В тетрадях Леонардо есть то, что позже назовут научным подходом, но без привычной нам формулы. Он ставит опыт, наблюдает, заносит в таблицу, сопоставляет, делает вывод, проверяет его другим путем. Только вместо символов на полях у него — перья птиц, стружка дерева, капли воды, поворот рычага. В этом смысле его страницы ближе к мастерской, чем к кабинету. Он убежден, что истина живёт не только в слове, но и в руке. Поэтому он снова и снова рисует одно и то же — не ради копии, а ради понимания.

Рисунок для него — это язык. На нем удобно говорить о вещах, которые трудно сказать словами. Например, о том, как именно свет превращает поверхность в объём, или как движение воды рождает рисунок, который мы узнаём потом в облаках и в траве.

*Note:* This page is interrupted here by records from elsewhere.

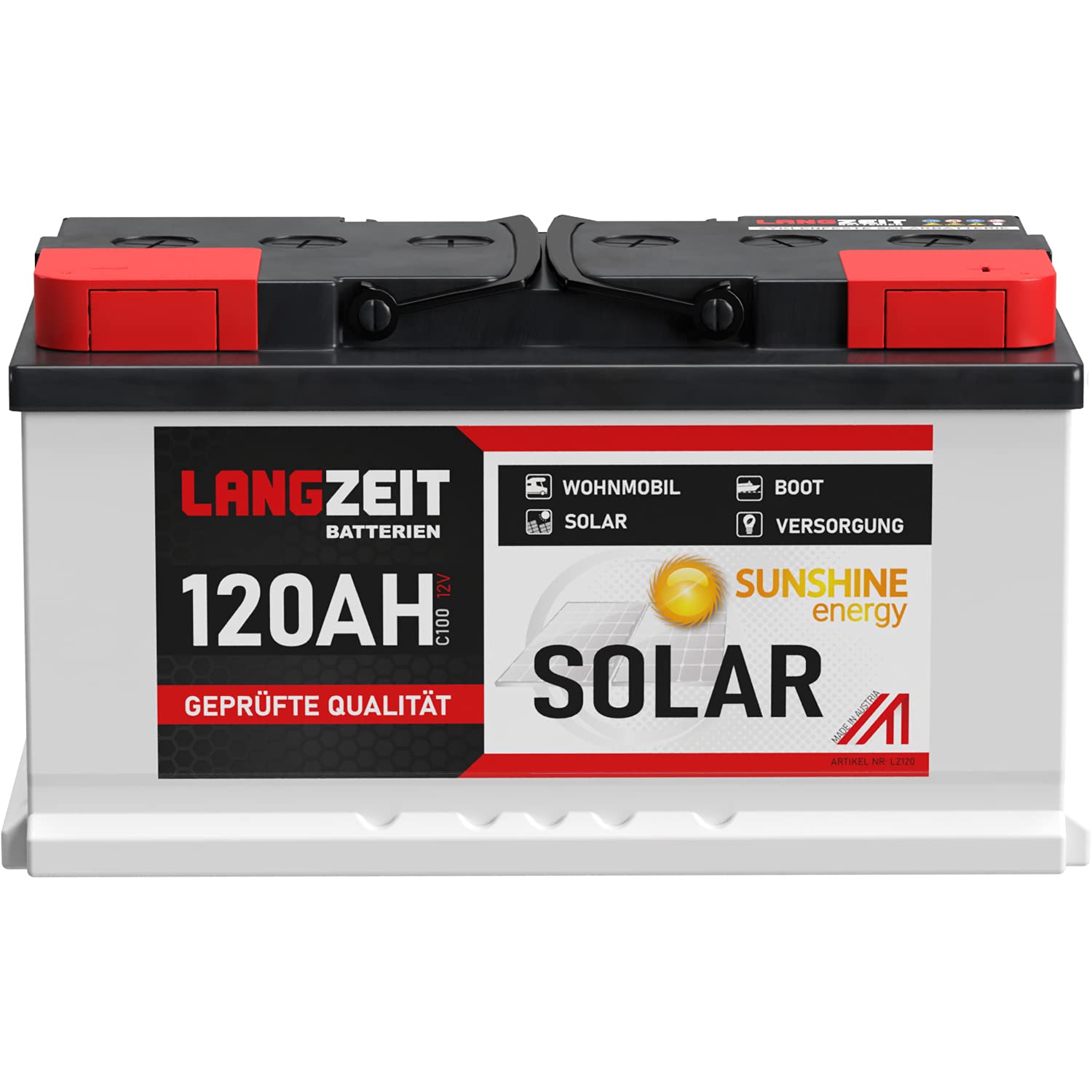 Solarbatterie 120Ah 12V Wohnmobil Boot Wohnwagen Camping Schiff Batterie Solar 100Ah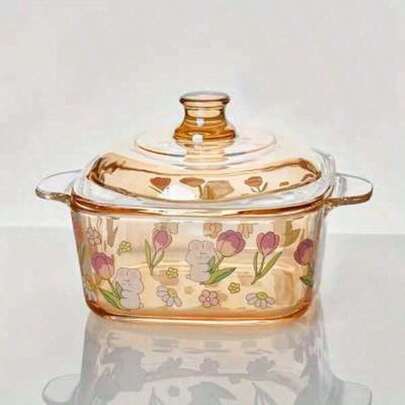 Heat-Resistant Amber Glass Bowl With Rabbit Design - Oven, Microwave & Freezer  Serving Dish For Baking, Salads, Desserts | For Kitchen & Dining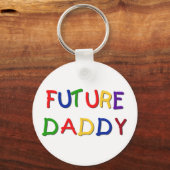 Toekomstige Papa Primaire Kleuren Tshirts en Gesch Sleutelhanger (Voorkant)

Чем точнее рисунок, тем короче путь от глаза к мысли.

Наследие бумаги: как листы переживают века

Память о картинах обычно связана с конкретным залом и музеем. Память о чертежах — с целым кругом наук и ремёсел. Рисунки Леонардо пережили столетия и продолжили жить в других дисциплинах. Архитекторы находили в них способ соединять утилитарное и прекрасное. Инженеры видели, как мыслить механизм через простую форму. Естествознание узнаёт в них вкус к повторяемому опыту. Художники учатся вниманию к переходам, к тому, что делает изображение не просто правдоподобным, а убедительным.

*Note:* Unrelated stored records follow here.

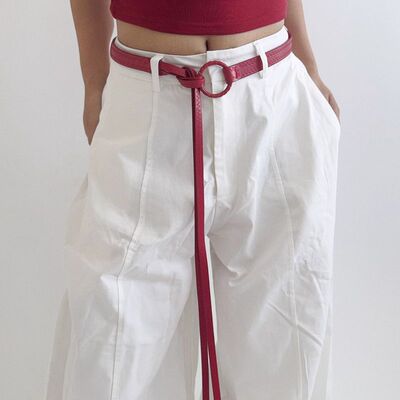 腰间配饰腰带女款配牛仔裤高级感收腰系带y2k美式复古红色细皮带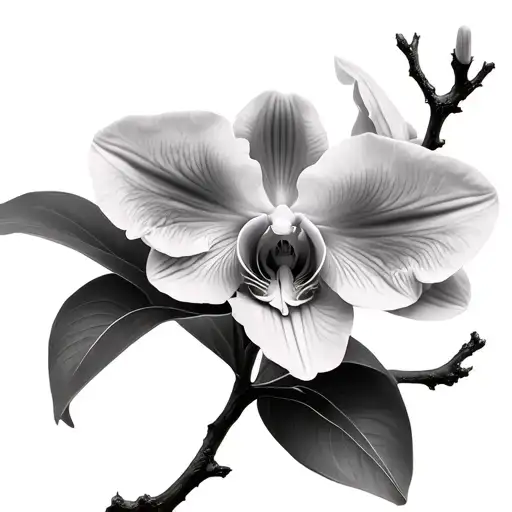 cattleya orchid with a tree branch tattoo design idea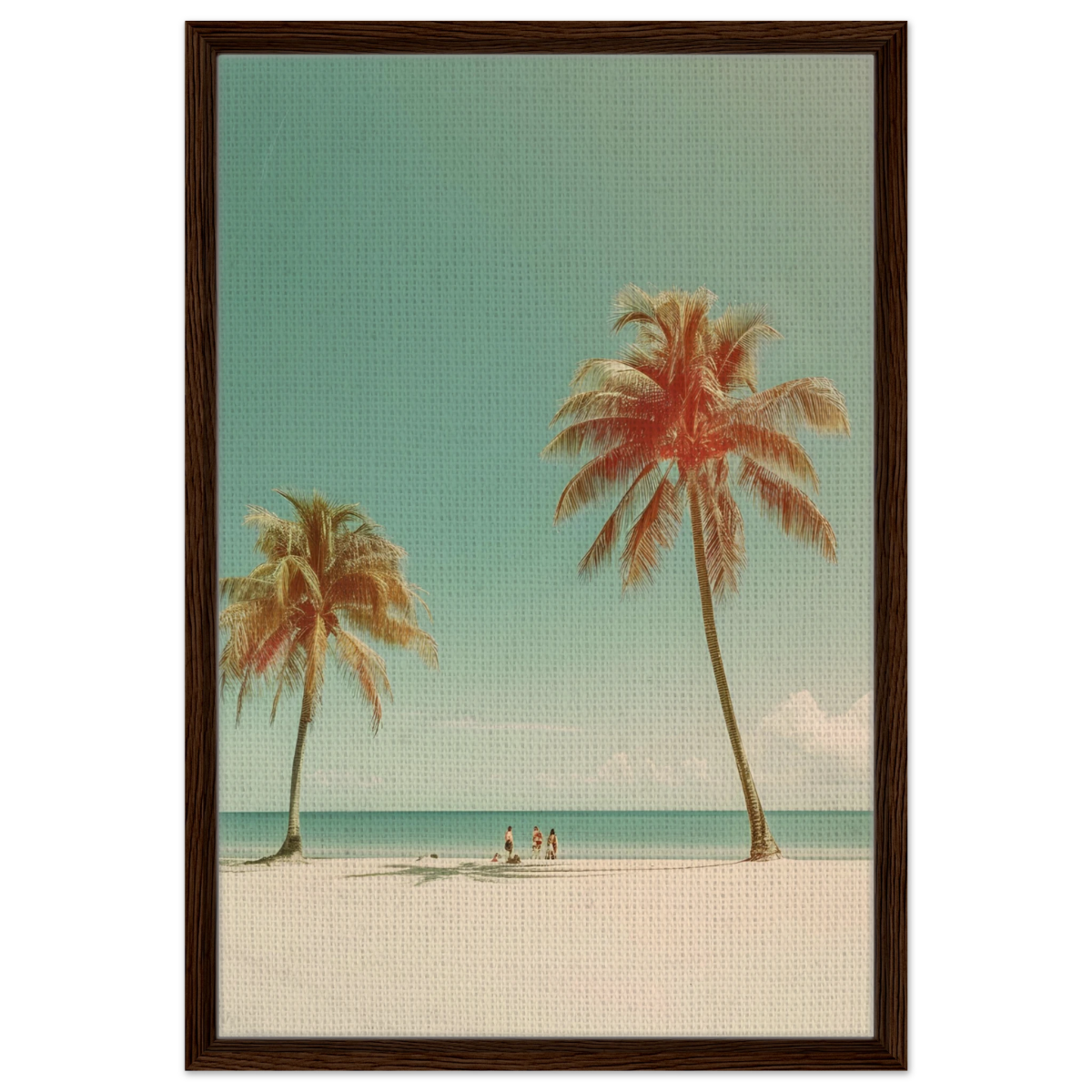 "Tropical Serenity" – A Coastal Escape | Palm Beach Wall art Print - 50x75 cm / 20x30″ - Framed Canvas - Dark wood frame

Важно и то, что тетради сохранили человека не как легенду, а как голос. Между листами технических схем попадаются короткие признания и упреки себе же: больше работать, наблюдать не ленясь, доводить мысль до ясности. Это дневник труда, а не миф о вдохновении. И именно поэтому он так сильно действует на читателя: здесь нет сцен из ученических драм, есть привычка к каждодневному усилию.

Как читать Леонардо сегодня

Сегодня легко увлечься загадками и шумными спорами вокруг отдельных произведений. Это увлекательно, но риск есть: мы снова измеряем мастера редкими холстами и забываем про страну бумаги. Чтобы понять, почему он стал образом эпохи, нужно открыть любой лист из его тетрадей и разрешить себе рассматривать мир его глазами: разбирать на простые элементы, собирать заново, проверять, не полагаясь на чужое слово, сочинять устройство, которое родится из наблюдения, а не из пустой фантазии. Тогда станет ясно, что его главное наследие — даже не отдельная картина, а способ думать. Он научил Европу смотреть как исследователь, а рисовать как архитектор мысли.

Итог

Леонардо да Винчи оставил немного завершённых картин, потому что относился к живописи как к вершине большой работы, а вершины не строятся быстро. Зато он оставил огромный мир чертежей и заметок, где рядом живут человек, вода, воздух, механизм и город. В этих тетрадях рисунок стал языком мысли, а мысль стала точной работой руки. Именно поэтому влияние Леонардо выходит далеко за пределы музеев: его линии и штрихи учат видеть порядок в сложном, искать форму, которая объясняет, а не украшает, и доводить наблюдение до ясности. Картины подарили ему славу, но чертежи сделали его взглядом на мир, который живёт дольше любой стены.